No - he was right in it being the incorrect guess!


----------



## CGR (Sep 18, 2020)

doctoremmet said:


> Please, do NOT tell me it’s from 1985...


It's NOT from 1985!


----------



## FlyingAndi (Sep 18, 2020)

CGR said:


> No - he was right in it being the incorrect guess!


Ah, OK.
What about Chocolate Audio Model 7 V2


----------



## doctoremmet (Sep 18, 2020)

CGR said:


> It's NOT from 1985!


Thank God. I would have been eternally humiliated


----------



## doctoremmet (Sep 18, 2020)

Sampletekk Seven Seas, or TVBO


----------



## CGR (Sep 18, 2020)

OK, it's between a Yamaha C5 and C7.


----------



## FlyingAndi (Sep 18, 2020)

CGR said:


> OK, it's between a Yamaha C5 and C7.


Chocolate Audio O.D.D.


----------



## doctoremmet (Sep 18, 2020)

CGR said:


> OK, it's between a Yamaha C5 and C7.


Does that even exist? Google only shows me Citroen limousines and Corvettes.


----------



## doctoremmet (Sep 18, 2020)

doctoremmet said:


> Does that even exist? Google only shows me Citroen limousines and Corvettes.

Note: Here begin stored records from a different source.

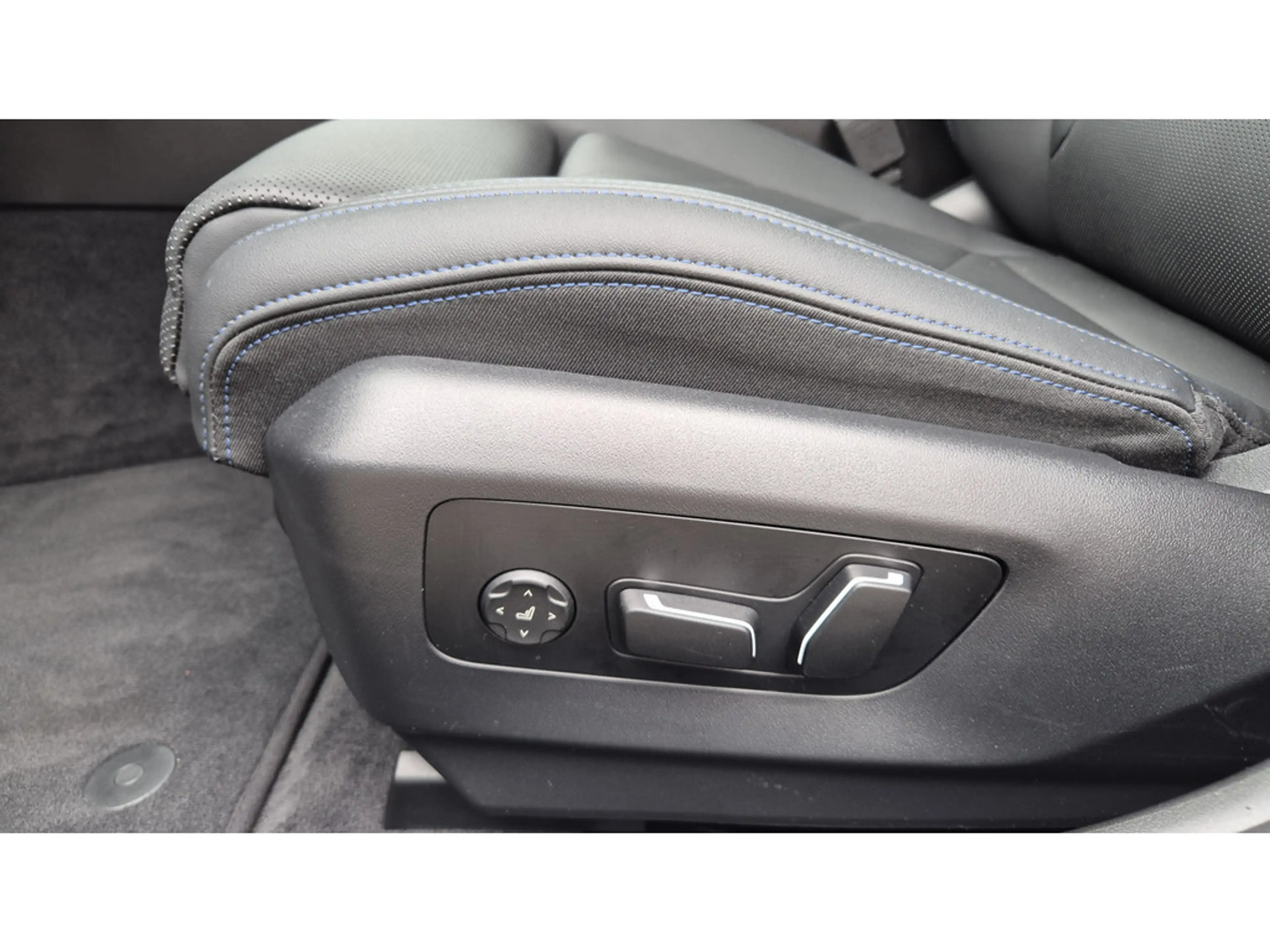 BMW 520 i Touring M Sport Pro 21 ZOLL+B&W+PANO+AHK — photo 13
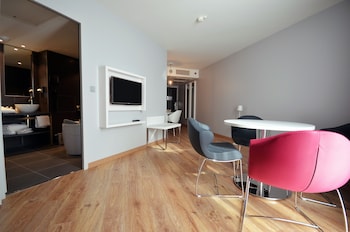 Suite, 1 King Bed with Sofa bed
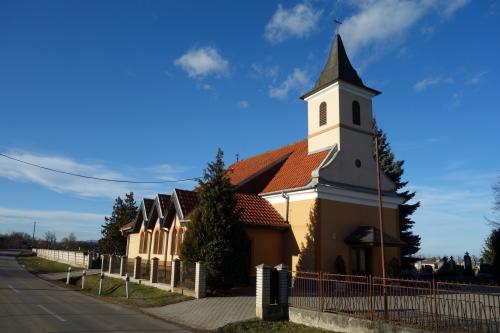 Foto Kostol sv. Jozefa v Slovenskej Novej Vsi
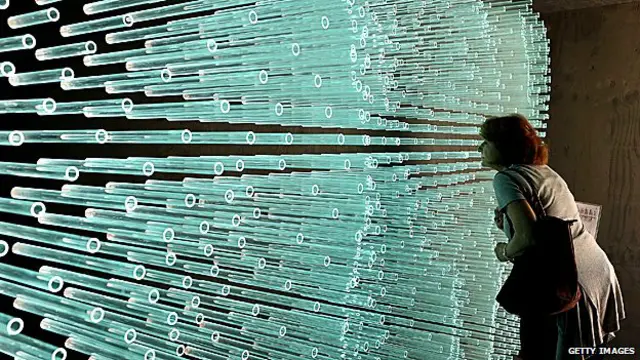 Intalación artística con tubos de Solyndra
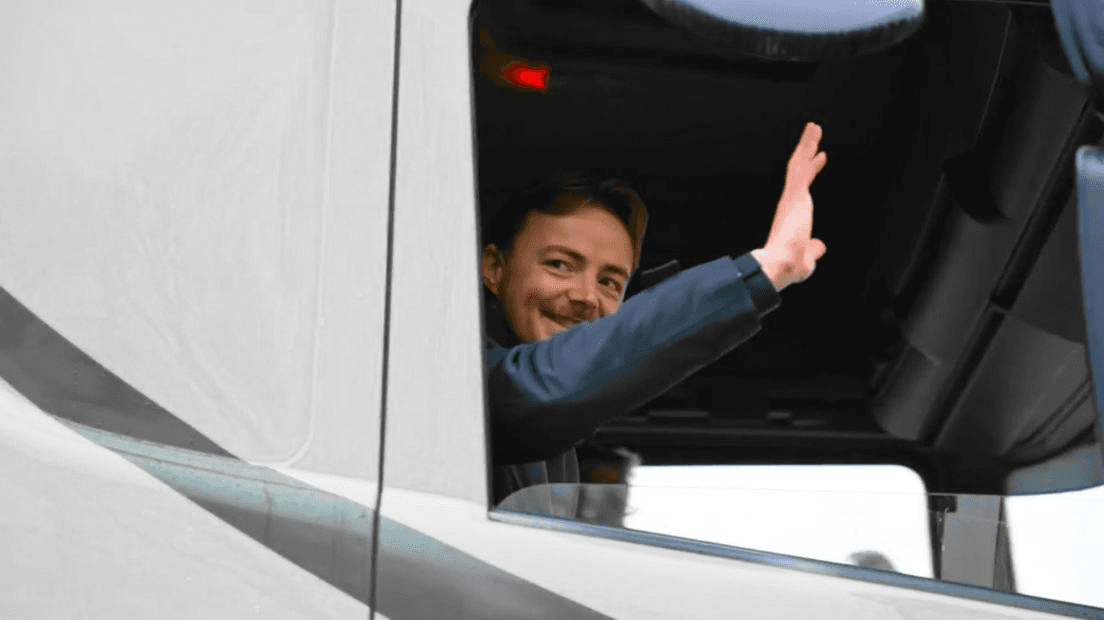 Desley van Trayler in een vrachtwagen die zwaait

Well whaddayaknow... it does exist! Now I need this in my life... and I THINK you won!


----------



## doctoremmet (Sep 18, 2020)

These days, whenever I am able to fight my GAS for piano VSTs, I go to Klaviano.com. Afterwards, the VST appears extremely cheap. For example here’s the cheapest C6 I could find. Imagine the shipping costs to The Netherlands.... 

Right. I’m off buying Craig’s List (see what I did there?) of Steinway B’s, and the Chocolate Audio 5 Bundle now. Have a good weekend chaps and gals!


----------



## FlyingAndi (Sep 18, 2020)

doctoremmet said:


> Well whaddayaknow... it does exist! Now I need this in my life... and I THINK you won!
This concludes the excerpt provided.